I am trying to import a set of data from a CSV file to shorten my code in python,
Before I try to use the CSV file as a variable, I have confirmed the code is working as below:
csvone = pd.read_csv("csvone.csv")
data_a = csvone[csvone['IP Address'].str.contains(r'10.1\.')]
data_a["PCLOCATION"] = 'LOCATION_A'
data_b = csvone[csvone['IP Address'].str.contains(r'10.2\.')]
data_b["PCLOCATION"] = 'LOCATION_B'
data = [data_a, data_b]
result = pd.concat(data)
print(result)
The result of print(result) return all matched data and add another column named PCLOCATION.
But when I try to use a CSV file as variables it returns error when using the code below:
csvone = pd.read_csv("csvone.csv")
csvdata = pd.read_csv("csvdata.csv")
x = csvdata['IP']
z = csvdata['LOCATION']
pat = "|".join("^" s.replace("." , r"\.") for s in x)
data = csvone[csvone['IP Address'].str.contains(x)]
data["PCLOCATION"] = (z)
print(data)
I get error TypeError: unhashable type: 'Series'.
By using code provided by @Timus, the unhashable error fixed.
The outcome is not as expected, seems like I am missing some part of the code that links the IP and LOCATION in the same row.
The current outcome:
https://i.stack.imgur.com/kmHlU.png
The csv file I am using:
csvdata.csv: https://i.stack.imgur.com/cnfAu.png
csvone.csv: https://i.stack.imgur.com/1JA6S.png
Thanks everyone!
CodePudding user response:
The variable x seems to be a pandas Series object. pandas.DataFrame.str.contains()
requires the pattern (first argument) to be a string, not a series.
Check out examples in https://pandas.pydata.org/docs/reference/api/pandas.Series.str.contains.html
CodePudding user response:
As pointed out by @snag9677, if you look at .str.contains
Series.str.contains(pat, case=True, flags=0, na=None, regex=True)
...
Parameters
pat
:str
- Character sequence or regular expression.

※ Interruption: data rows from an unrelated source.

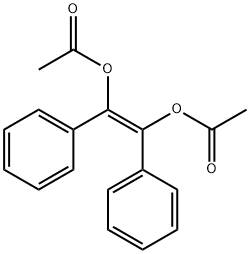 (Z)-1,2-Diacetoxy-1,2-diphenylethene 结构式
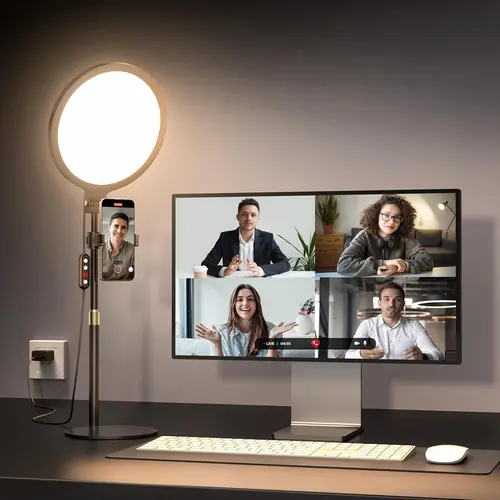 【BackToSchool】Weilisi 10.5in LED Desk Ring Light Kit, Portable Selfie Light & LED Panel for Content Creators, Zoom Video Conference, Home Office Webcam Boost, Professional Streaming,back to school,back to school haul
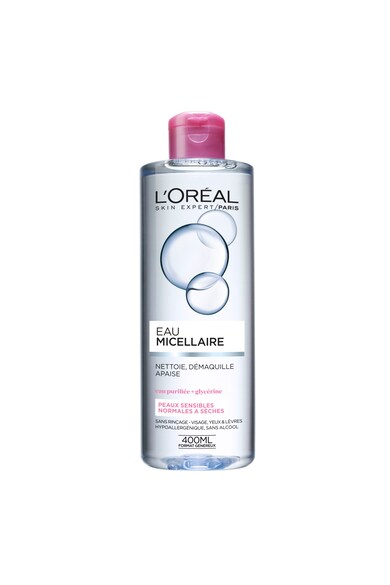 L'Oreal Paris Apa Micelara  pentru piele sensibila, ten uscat, 400 ml Femei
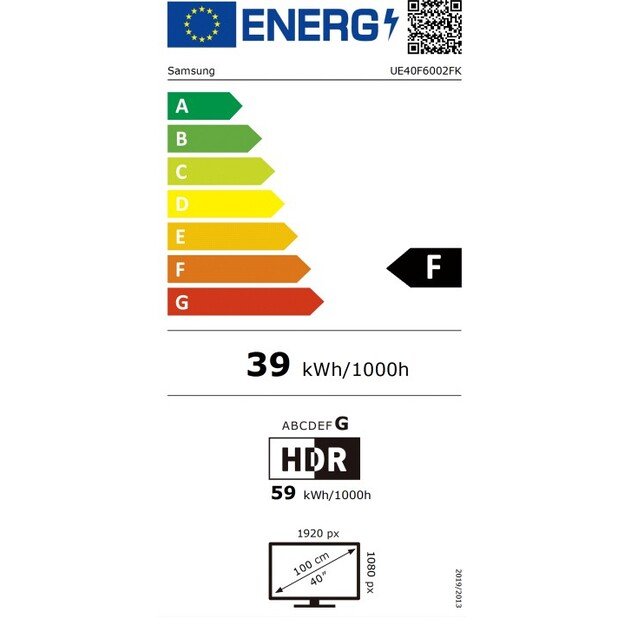 LED Televizorius Samsung Full HD F6000, UE40F6002FKXXH 2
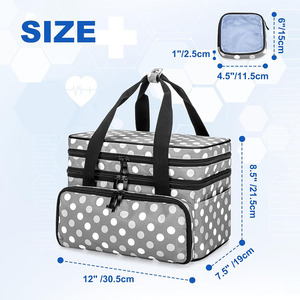 Bolsa organizadora de primeros auxilios de cuero al por mayor con almacenamiento impermeable para medicamentos de emergencia para el hogar, la oficina, el coche y viajes en venta. - Product Image 2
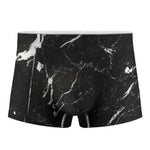 Black White Scratch Marble Print Men's Boxer Briefs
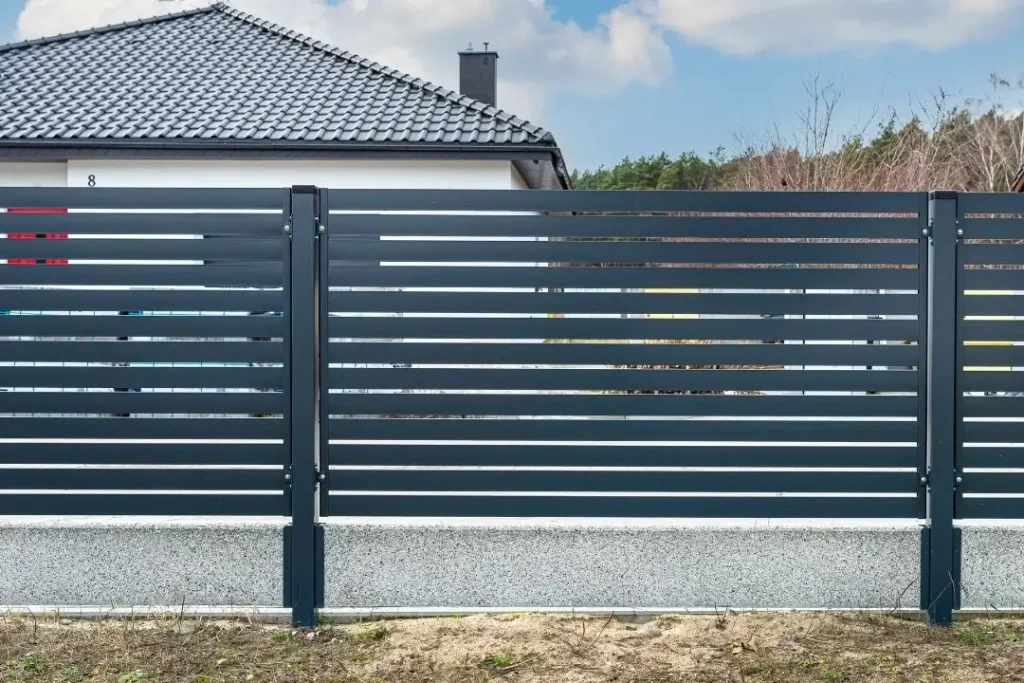 aluminum slat fence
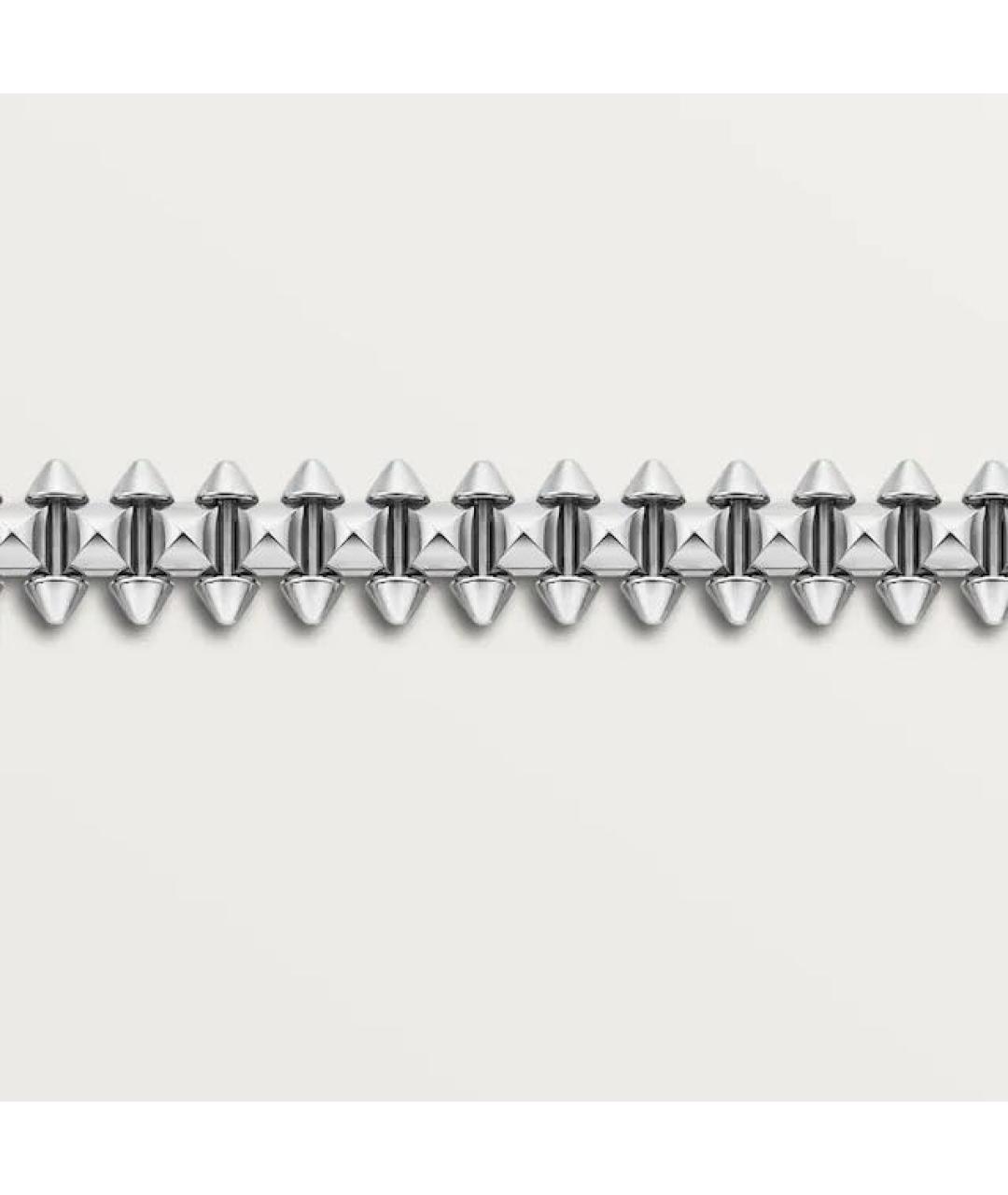 CARTIER Серебрянный браслет из белого золота, фото 3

you'll see that you can't give it a pd.Series
, only a string.
So what you could try instead is something like
pat = "|".join("^" s.replace("." , r"\.") for s in x)
data = csvone[csvone['IP Address'].str.contains(pat)]
s.replace("." , r"\.")
is needed since a simple .
is a regex wildcard for any character (except a newline). The ^
is there to make sure to match only at the beginning (I suppose that is what you want). You could do
pat = "|".join(s.replace("." , r"\.") for s in x)
data = csvone[csvone['IP Address'].str.match(pat)]
instead (match
implicitly requires that the pattern match starts at the beginning).